Dhiraj Singh | Bloomberg | Getty Images

India’s ability to import more Russian oil may have hit a limit for the rest of the year, analysts tell CNBC, citing infrastructural and political constraints, as well as limitations to Russian oil flows.

“India will look to continue Russian crude imports, but perhaps it has reached its limit, hampering any additional barrels,” according to Janiv Shah, senior analyst at Rystad Energy.

Since the Kremlin’s invasion of Ukraine in February last year, India’s refiners have been snapping up discounted Russian oil.

Moscow has since leapfrogged to become India’s leading source of crude oil, accounting for about 40% of India’s crude imports. June marked the 10th consecutive month-on-month increase in India’s imports of Russian crude, data from commodity intelligence firm Kpler showed.

“An unprecedented feat in recent history, especially given the volumes in question — 2.2 million barrels per day in June,” Kpler’s lead crude analyst, Viktor Katona said.

And that’s the highest volume that India’s imports of Russian oil can go — at least for the rest of the year, according to his predictions.

Any additional supply coming out of Russia … that flows into Asia, I suspect it’s done. It’s maximum amount now.

Daniel Hynes

senior commodity strategist, ANZ

“I would say 2.2 million b/d will be the peak this year … We believe India’s imports of Russian crude will see a slight downward correction to two million barrels per day. That will be the sustainable level of buying,” he said.

However, the volume of crude oil consumed and processed by India’s refineries has now hit a “seasonal peak” and would only trend downwards from here, Rystad Energy’s Shah told CNBC in an email. 

His sentiments were echoed by Katona, which highlighted that in addition to refineries being currently shut, demand for oil is set to trickle down too.

“For the first time this year, some of Indian refiners will be undergoing maintenance which was just not the case in January to May 2023 when there were no turnarounds at all. Everyone was firing on all cylinders,” said Katona.
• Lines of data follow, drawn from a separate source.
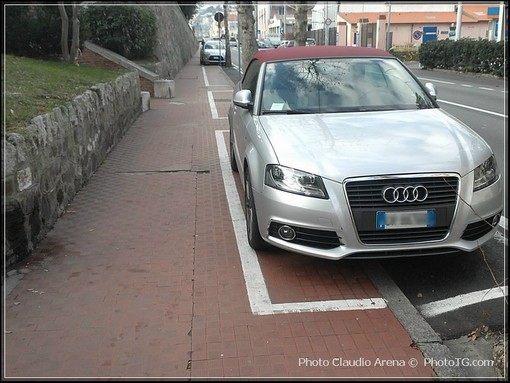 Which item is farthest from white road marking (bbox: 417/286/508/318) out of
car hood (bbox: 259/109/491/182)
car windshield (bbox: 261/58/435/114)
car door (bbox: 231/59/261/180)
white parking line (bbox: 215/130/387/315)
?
car door (bbox: 231/59/261/180)

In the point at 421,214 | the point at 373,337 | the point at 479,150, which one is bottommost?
the point at 373,337

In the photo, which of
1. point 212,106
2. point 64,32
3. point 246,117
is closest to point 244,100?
point 246,117

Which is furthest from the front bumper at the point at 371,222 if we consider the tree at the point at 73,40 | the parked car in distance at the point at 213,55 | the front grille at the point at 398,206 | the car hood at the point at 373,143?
the parked car in distance at the point at 213,55

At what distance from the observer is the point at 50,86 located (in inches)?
288

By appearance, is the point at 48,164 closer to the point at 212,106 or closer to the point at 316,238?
the point at 316,238

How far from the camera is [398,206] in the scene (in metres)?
3.70

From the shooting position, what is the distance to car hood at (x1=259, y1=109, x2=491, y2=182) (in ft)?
12.4

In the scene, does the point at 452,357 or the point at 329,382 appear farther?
the point at 452,357

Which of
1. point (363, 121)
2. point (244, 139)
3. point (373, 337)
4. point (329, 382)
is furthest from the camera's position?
point (244, 139)

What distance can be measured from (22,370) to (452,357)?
255 centimetres

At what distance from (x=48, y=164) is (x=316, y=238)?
2912 millimetres

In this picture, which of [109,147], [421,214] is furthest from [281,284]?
[109,147]

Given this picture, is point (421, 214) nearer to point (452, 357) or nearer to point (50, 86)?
point (452, 357)

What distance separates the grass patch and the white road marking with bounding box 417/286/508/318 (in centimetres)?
367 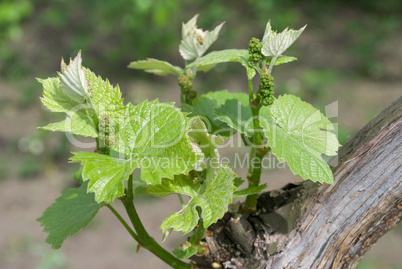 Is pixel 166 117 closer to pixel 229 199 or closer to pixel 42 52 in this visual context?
pixel 229 199

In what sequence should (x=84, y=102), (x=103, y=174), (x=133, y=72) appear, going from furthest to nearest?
(x=133, y=72) → (x=84, y=102) → (x=103, y=174)

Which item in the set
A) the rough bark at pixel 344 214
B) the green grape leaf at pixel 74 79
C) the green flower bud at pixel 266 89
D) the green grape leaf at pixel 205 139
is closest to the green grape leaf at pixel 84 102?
the green grape leaf at pixel 74 79

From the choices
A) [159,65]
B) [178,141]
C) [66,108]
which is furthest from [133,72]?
[178,141]

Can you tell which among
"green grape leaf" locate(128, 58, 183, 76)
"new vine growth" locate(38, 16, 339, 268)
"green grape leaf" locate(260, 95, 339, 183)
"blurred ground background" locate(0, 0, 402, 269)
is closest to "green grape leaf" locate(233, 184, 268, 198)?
"new vine growth" locate(38, 16, 339, 268)

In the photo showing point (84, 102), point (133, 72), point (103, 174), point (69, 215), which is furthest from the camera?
point (133, 72)

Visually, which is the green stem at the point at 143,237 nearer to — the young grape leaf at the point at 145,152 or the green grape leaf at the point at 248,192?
the young grape leaf at the point at 145,152

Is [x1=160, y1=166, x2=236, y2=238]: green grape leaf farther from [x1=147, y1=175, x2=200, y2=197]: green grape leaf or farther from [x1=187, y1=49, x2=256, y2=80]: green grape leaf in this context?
[x1=187, y1=49, x2=256, y2=80]: green grape leaf

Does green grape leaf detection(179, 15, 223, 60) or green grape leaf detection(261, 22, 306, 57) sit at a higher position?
green grape leaf detection(179, 15, 223, 60)

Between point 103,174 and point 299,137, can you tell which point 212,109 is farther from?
point 103,174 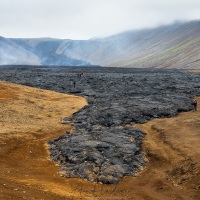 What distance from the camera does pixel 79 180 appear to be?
1505 cm

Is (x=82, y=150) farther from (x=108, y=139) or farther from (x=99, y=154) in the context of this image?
(x=108, y=139)

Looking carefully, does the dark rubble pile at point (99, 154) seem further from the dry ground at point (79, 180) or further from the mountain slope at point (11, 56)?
the mountain slope at point (11, 56)

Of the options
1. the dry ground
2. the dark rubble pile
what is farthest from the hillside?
the dark rubble pile

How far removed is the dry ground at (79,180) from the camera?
13.3 metres

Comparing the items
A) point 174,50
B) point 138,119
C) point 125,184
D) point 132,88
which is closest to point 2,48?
point 174,50

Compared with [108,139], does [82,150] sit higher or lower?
lower

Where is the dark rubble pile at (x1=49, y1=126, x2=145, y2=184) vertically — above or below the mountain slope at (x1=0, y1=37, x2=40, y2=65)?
below

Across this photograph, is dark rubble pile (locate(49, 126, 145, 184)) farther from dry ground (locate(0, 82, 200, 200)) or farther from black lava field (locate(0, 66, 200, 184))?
dry ground (locate(0, 82, 200, 200))

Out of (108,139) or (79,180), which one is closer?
(79,180)

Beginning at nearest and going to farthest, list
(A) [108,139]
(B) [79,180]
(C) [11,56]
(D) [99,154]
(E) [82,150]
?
(B) [79,180] → (D) [99,154] → (E) [82,150] → (A) [108,139] → (C) [11,56]

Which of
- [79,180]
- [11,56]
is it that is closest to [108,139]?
[79,180]

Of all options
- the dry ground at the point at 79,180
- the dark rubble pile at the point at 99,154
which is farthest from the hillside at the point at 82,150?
the dark rubble pile at the point at 99,154

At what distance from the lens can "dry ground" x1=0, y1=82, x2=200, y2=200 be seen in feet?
43.8

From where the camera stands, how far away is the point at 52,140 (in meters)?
21.1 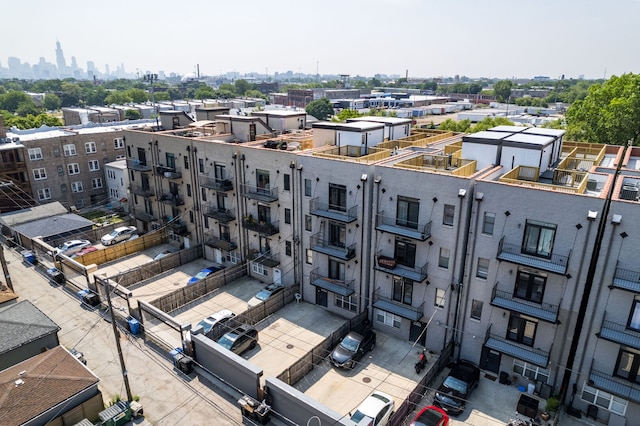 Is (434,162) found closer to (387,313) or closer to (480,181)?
(480,181)

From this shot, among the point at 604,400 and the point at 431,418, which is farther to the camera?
the point at 604,400

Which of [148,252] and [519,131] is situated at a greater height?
[519,131]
India’s monsoon season started in early June, and the summer period is often associated with lower demand for oil products as a result of lower mobility and construction, Katona added.

Fuel demand in India, the world’s third largest oil consumer, usually enters a lull during the four-month monsoon season. India’s total oil demand in June slipped 3.7% month-on-month to 19.31 million tonnes, according to data from India’s Petroleum Planning and Analysis Cell.

‘Finite limit’ to Russian oil flows?

Technically, the Indians could be buying more, but they don’t want to antagonize the Middle East too much.

Viktor Katona

lead crude analyst, Kpler

Russia also pledged to trim its crude oil exports earlier in July.

“India has talked about the inability to really pick up significantly additional cargoes from Russia,” Hynes added.

However, that’s not to say that India’s refiners will not attempt to try for another all-time high import of Russian oil next year, said Kpler’s Katona.

“Most probably in the March-to-May period again,” he said, pointing out that demand at that time will be “unrestricted from the Indian side and Russian export availability will be once again boosted by refinery turnarounds.”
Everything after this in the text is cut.